Как ни странно, лично меня, просто позабавил рассказ «У святого Валента». Хотя, вроде бы, обычное дело для революции. Красноармейцы разграбили церковь, учинили разгром, в пьяном виде играют на органе в этом храме. Вроде всё обычно. Но есть один нюанс. В храме, ко всему прочему, разломали раку с мощами святого Валента.
Вы спросите, что же здесь забавного? Вандализм чистейшей воды. Всё так, но ведь впоследствии коммунисты соорудили собственную раку в столице, назвав её мавзолеем и поместив туда труп Ленина.
Спрашивается, если так презирает советская власть святые мощи, считая всё это пережитком, то зачем делать свои мощи, свою раку?
Что это, раздвоение сознания? Наверное.

Вообще, Бабель из самого трагизма умел делать весьма философский сарказм. Взять, хотя бы, для примера, рассказ «Вдова». Умирает командир полка. Возле умирающего сидит убитая горем женщина.
Ну, спрашивается, какой сарказм можно сделать из трагедии. Но писатель умудрился достичь комизма всего одной фразой красноармейца, наблюдающего за этой картиной.
- Убивается, - сказал тогда Лёвка, - ничего не скажешь, хорошо жили. Теперь ей снова под всем эскадроном хлопотать. Несладко…
И ведь действительно, совсем несладко.
И ведь обратите внимание, всего одна фраза, но как она проясняет жизнь конармии, её грубый быт, хотя эта армия и несёт идеи мировой революции.
Впрочем, революция революцией, но и про себя люди не забывают, даже в красной армии товарища Будённого. Этот умирающий командир полка успевает ещё составить завещание. Женщине этой он оставляет золото, кольца и сбрую.
Оказывается, реквизированные ценности шли не только на нужды революции, но и немного на личные нужды красноармейцев и, конечно, командиров.

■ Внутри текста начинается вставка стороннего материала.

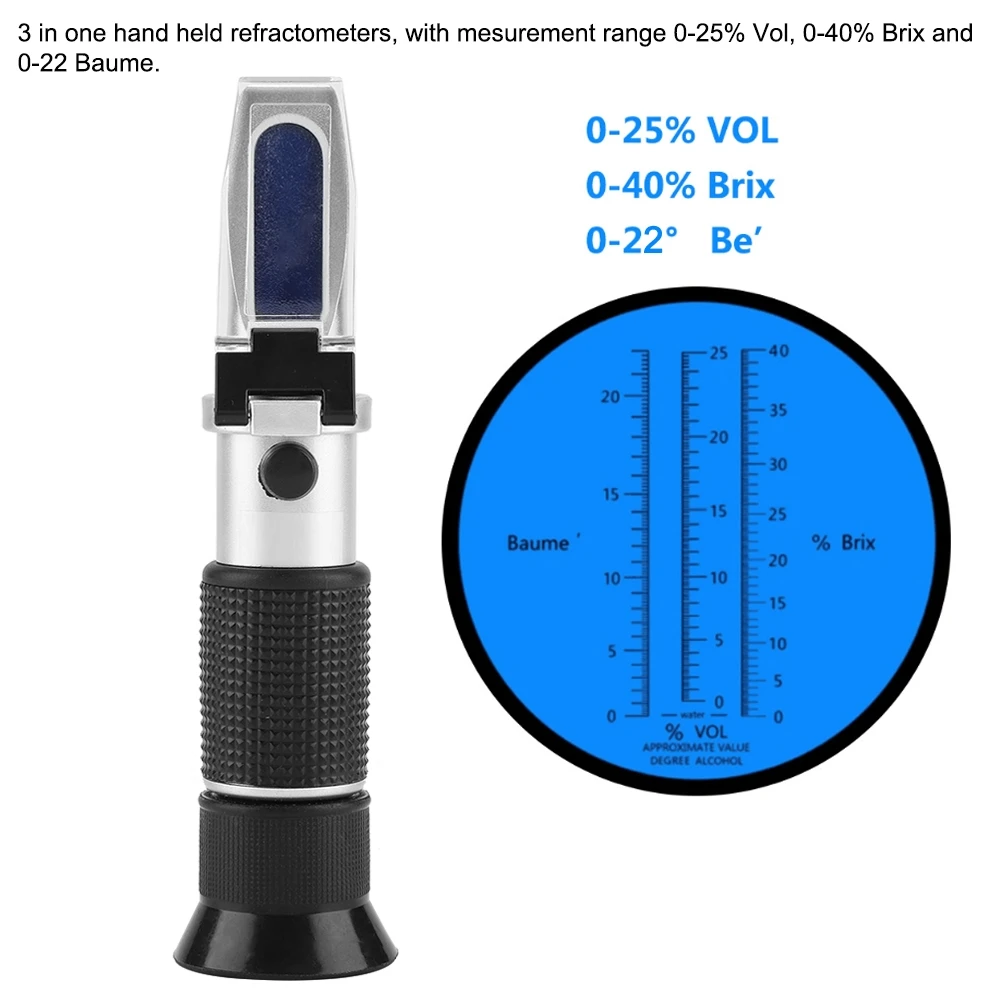 Portable Hand Held Grape and Wine Alcohol Refractometers 0-25% Vol 0-40% Brix 0-22 Baume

А вот аналогичный рассказ о санитарке. Называется «Чесники». Женщина хочет свою кобылу случить с жеребцом одного красноармейца. Тот возражает, нельзя мол, молод ещё конь. Санитарка недовольно ворчит:
- Вас небось по пятнадцатому году пускаешь, - пробормотала Сашка и отвернулась. – По пятнадцатому небось, и ничего, молчишь, только пузыри пускаешь…
А ведь эта фраза санитарки говорит не только о свободных нравах, но и о наличии пятнадцатилетних в конармии.
Всего одна фраза, а как характеризует время и конармию, конармию, где в генералах ходили двадцатидвухлетние. Это из рассказа «Поцелуй».

Да, умел Бабель подмечать мелочи. Странно только, почему этот человек, владея несколькими иностранными языками, имея возможность иммигрировать, человек, у которого все родственники, близкие оказались за рубежом, сам всё же остался в советской России?
Может быть, он боялся своего прошлого? Ведь Бабель не только служил в конармии товарища Будённого, но успел поработать и в ВЧК. С таким послужным списком, разумеется, возникнут сомнения, сумеешь ли адаптироваться к нормальной жизни и примет ли эта жизнь тебя.
Может быть, и приняла бы. Большевики не приняли. Да и писал он в последние годы своей жизни весьма на опасную тему – о ВЧК, о своей работе в этом ведомстве.
Да и в предыдущих его работах слишком часто упоминался Троцкий. И даже не в качестве злодея. Это уже совсем недопустимо для живого человека.